First look inside Riley Children’s Hospital new maternity tower


INDIANAPOLIS — After a delay in opening due to COVID-19 cases, Riley Children’s Hospital new maternity tower is just weeks from opening, and Thursday hospital officials gave us a look inside the new unit.

The maternity tower will centralize all inpatient childbirth and newborn care offered at three downtown Indiana University Health hospitals.

The tower consists of four floors devoted to the care of infants and mothers at every stage of pregnancy.

“That is such an awesome thing, that we can have moms in the building even if they’re baby needs that higher level of care, that they can still see their baby and you know be able to start that bonding experience cause you’ve waited all that time to see your baby, you don’t want to wait another day or two it makes a really big difference,” said Sheila Decker, the clinical manager of the Mother-Baby Unit of the Riley Maternity Tower.

When it opens, the tower’s 45 bed Level 3 NICU combined with the NICU currently in Simon Family Tower, will make it the largest NICU in Indiana and among the largest in the country.

It is expected to accommodate more than 3,800 deliveries each year.

“With it being Riley, you often think of being sick kiddos and the great care that’s provided here but we see any moms from, we see the sickest moms in the state all the way to the completely normal delivery that walks in through the door,” said Decker.

Thanks to the other services offered through the hospital, care for parents goes beyond just helping with the delivery and infant health.
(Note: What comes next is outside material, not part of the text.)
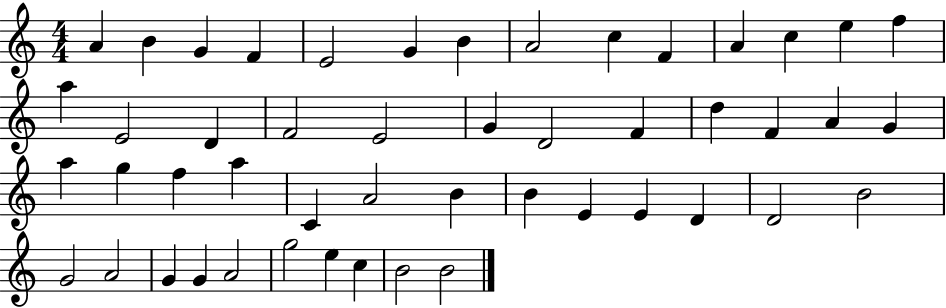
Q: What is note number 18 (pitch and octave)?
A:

“Our parents are able to stay here with the babies if they are happening to be going through some kind of withdrawal, we have an extensive drug treatment program for moms here in the hospital and I think that makes us very unique in the state that we offer that to our moms,” Decker added. “We have  a lot of those patients.”

The maternity tower will open on November 7th, which means all moms and babies at Methodist Maternity Center not going home that day, will then be moved by ambulance into the newly opened facility.

“It will be quite the effort but we have an excellent plan in place and I think that we are ready to go,” said Decker.

Patient feedback was also used when it came to designing the rooms of the maternity tower.